■ **WHAT TO PRODUCE**
Your answer must be only the lines below from the one containing "Sakkas Batik Smocked" through the one containing "sharp edge rpg", copied exactly, with the pictures left out.

■ **EXERCISE MATERIALS**
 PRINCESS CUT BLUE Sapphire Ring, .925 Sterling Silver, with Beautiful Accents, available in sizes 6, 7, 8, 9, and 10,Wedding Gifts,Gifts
* * *
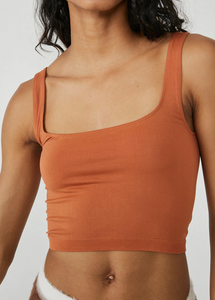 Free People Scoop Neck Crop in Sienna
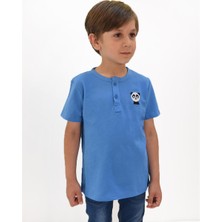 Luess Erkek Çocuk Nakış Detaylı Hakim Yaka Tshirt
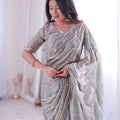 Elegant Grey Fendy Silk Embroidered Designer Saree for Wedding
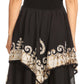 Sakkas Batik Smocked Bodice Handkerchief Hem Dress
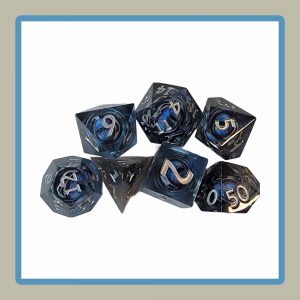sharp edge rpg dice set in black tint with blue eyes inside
==
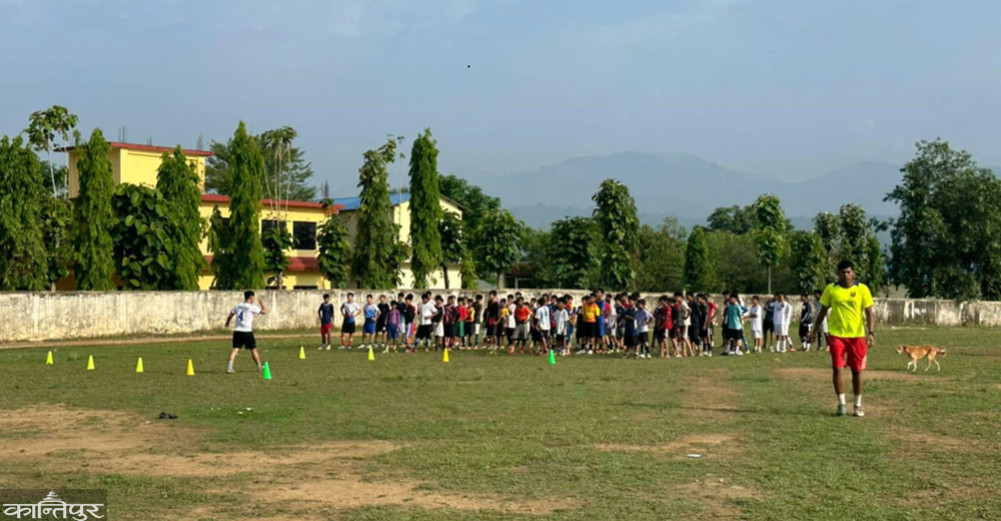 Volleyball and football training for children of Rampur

■ **SOLUTION TO THE EXERCISE**
 Sakkas Batik Smocked Bodice Handkerchief Hem Dress
sharp edge rpg dice set in black tint with blue eyes inside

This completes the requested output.